The Ford-Fulkerson method is an approach to maximising total flow between s and t. A central concept is the residual network Gf for a network G and flow f - the capacities of Gf represent how we can change flow in G, whether by augmenting flow or by channelling some existing flow back. The aim is to repeatedly augment flow until there is no augmenting path left in Gf. The max-flow min-cut theorem then tells us we have found a maximum flow.

Some combinatorial problems can be re-cast as maximum-flow problems: for instance, finding the maximal matching in a bipartite graph.
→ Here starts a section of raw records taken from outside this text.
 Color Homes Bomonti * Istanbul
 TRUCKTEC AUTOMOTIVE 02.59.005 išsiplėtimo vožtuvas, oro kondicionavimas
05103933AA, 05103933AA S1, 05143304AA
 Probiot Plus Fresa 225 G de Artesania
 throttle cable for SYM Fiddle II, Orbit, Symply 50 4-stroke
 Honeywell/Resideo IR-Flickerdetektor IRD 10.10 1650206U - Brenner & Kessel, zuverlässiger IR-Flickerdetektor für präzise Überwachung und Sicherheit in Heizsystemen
There are also push-relabel and relabel-to-front algorithms that I haven't gone over in any detail

Multithreading

It's useful to use the notions of "work" and "span":

work: total time to execute on one processor
span: longest single strand time

So we are lower-bounded both by span, and by work/#processors.
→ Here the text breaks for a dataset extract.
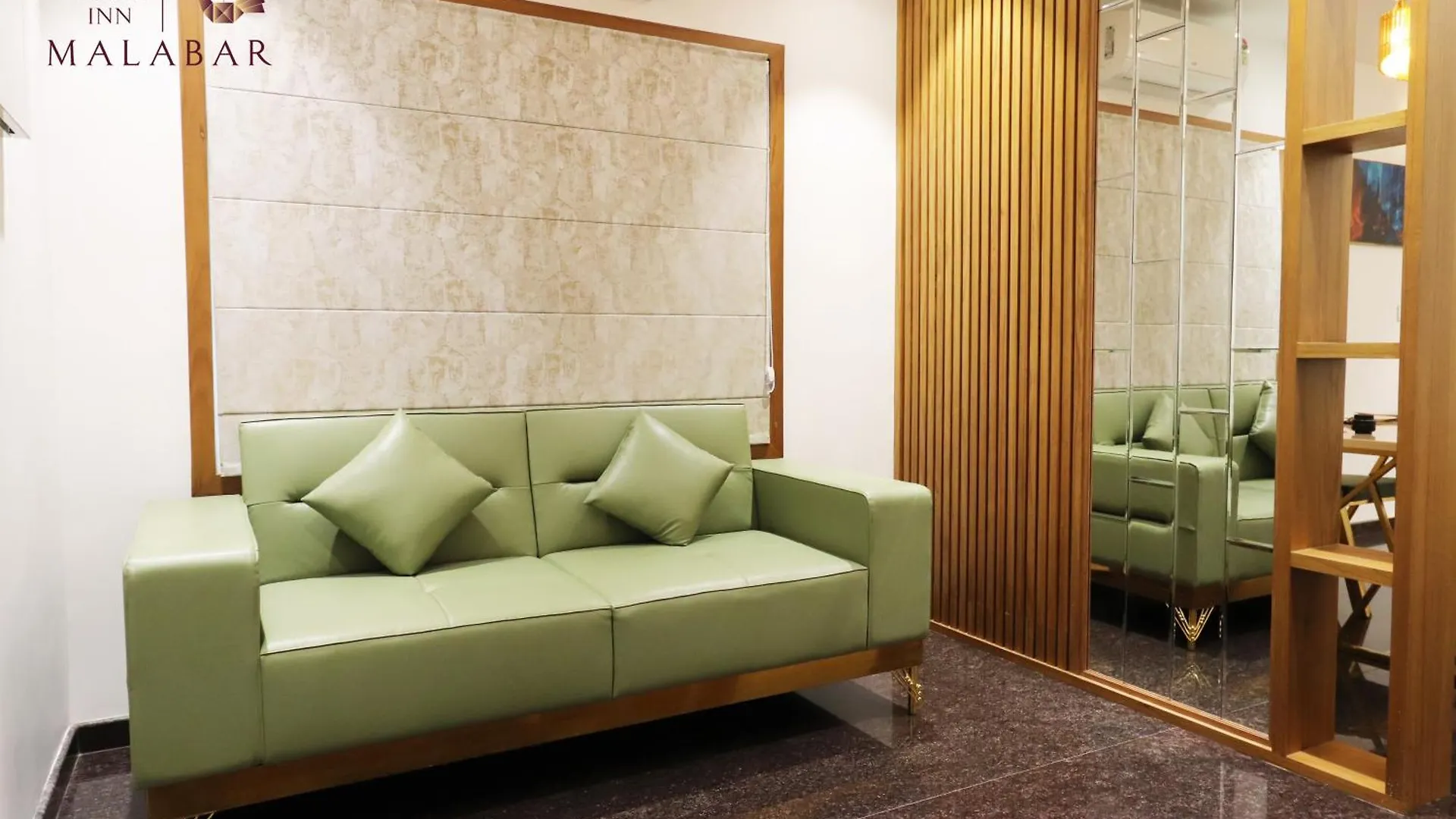 Luxie Inn Malabar Perintalmanna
Matrix multiplication is an example where parallelism can really help: down from n^3 to (lg n)^2.

Sorting offers another: merge sort down from n.lg n to (lg n)^3.

Polynomials and FFT

The FFT allows transition between coefficient-based and value-based polynomial representations in O(n lg n). Because value-based representations can be multiplied as O(n), this gives us polynomial multiplication in O(n lg n).
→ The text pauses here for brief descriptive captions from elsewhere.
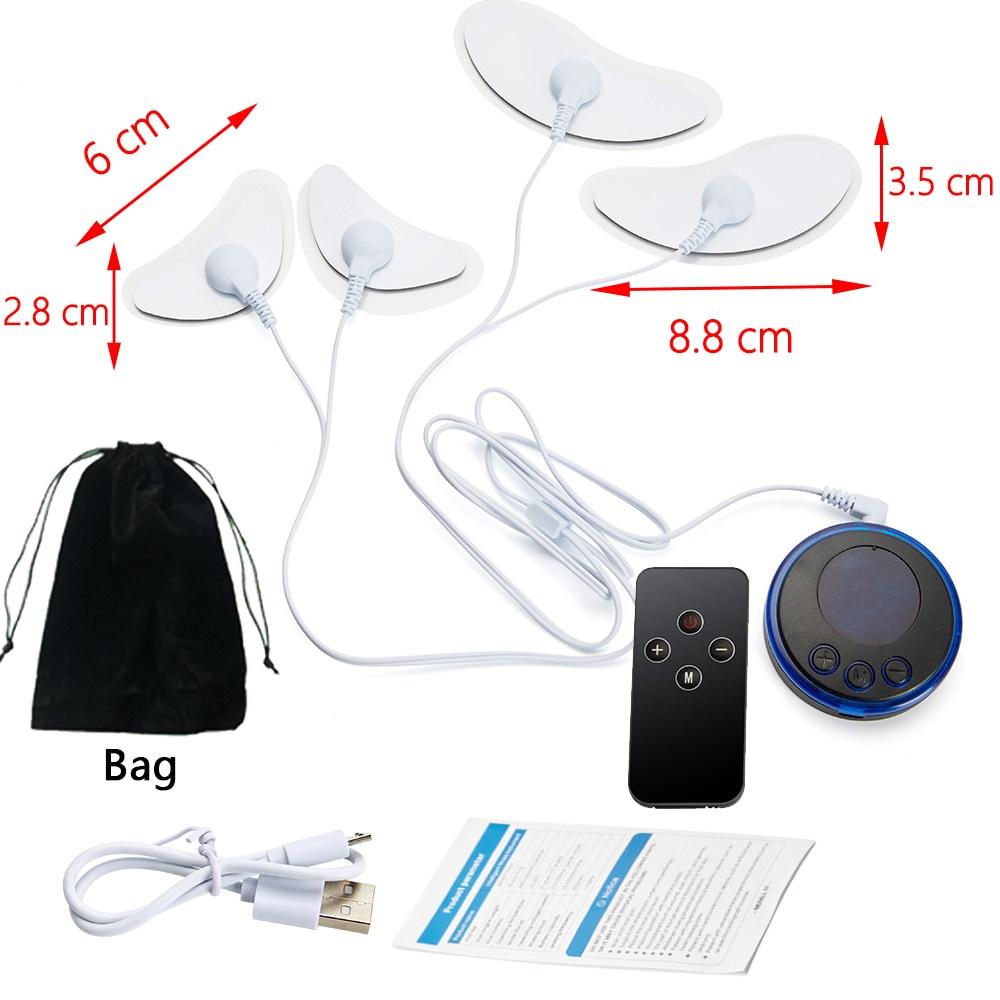 Elektrisches EMS Gesichts-Massagegerät Mini Gesichts-Massagegerät Gesichts-Lifting-Massagegerät Anti-Falten Entfernung von Gesichtsfalten Gesichtsmuskel-Stimulator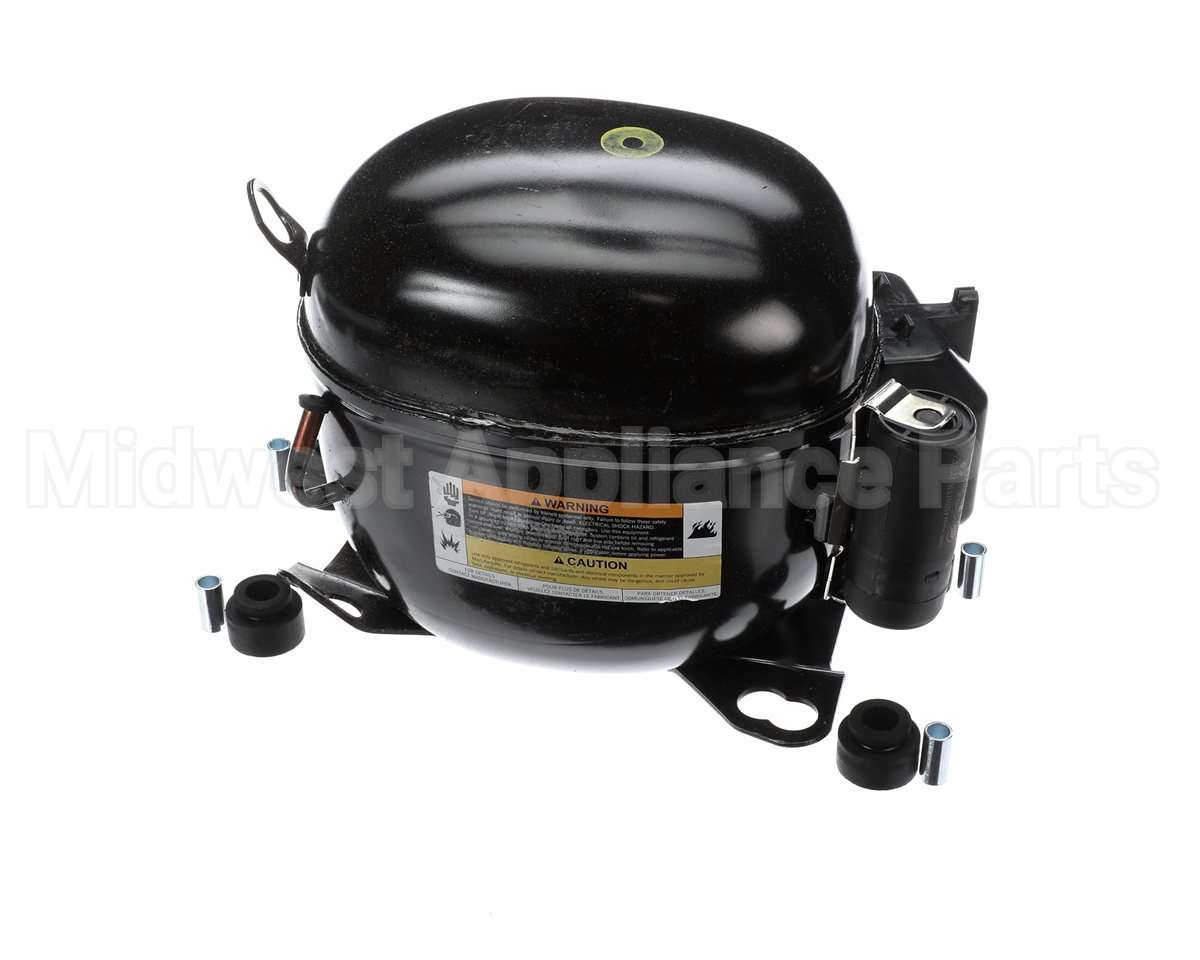 NT6215Z Continental Refrigeration 1/2Hp R-134A, 115V Compressor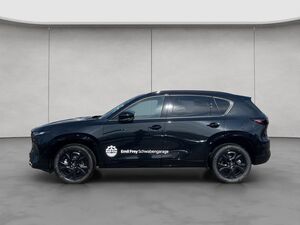 MAZDA CX-5 e-SKYACTIV-G 141 AWD Homura CX-5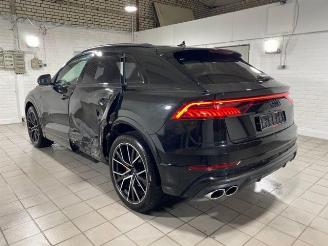 Audi SQ8 4.0 TFSI quattro HUD/360/AHK/Pano/StandHzg picture 11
The CLRS book discusses DFT/FFT: The discrete Fourier transform (DFT) is a value-based representation using complex roots of unity. Highly efficient DFT implementations have received a huge amount of attention over the years. One good one is the Fastest Fourier Transform in the West (FFTW), which uses a number of techniques, including host machine targeted unrolled code at the lowest level.

String Matching

For a string length n, target length m:

Naive with matching time O((n - m + 1)m)
Rabin-karp which uses hashing to pre-select candidates, so is generally far better than Naive even though it shares the same worst case
Finite Automaton construction which has matching time O(n), but can have extensive setup time of O(m * #characters)
Knuth-Morris-Pratt which has matching time O(n), but much reduced O(m) setup time by clever deferment of the work required to efficiently construct the automaton transitions.

NP-Completeness

Main concepts:

P: solvable in polynomial time
NP: verifiable in polynomial time
NPC: "NP-complete", in NP and as hard as any problem in NP

We know P ⊆ NP, but it's an open question if P is a proper subset of NP. However so many problems are NP-complete (mutually translatable to each other in polynomial time) that most researchers believe P != NP.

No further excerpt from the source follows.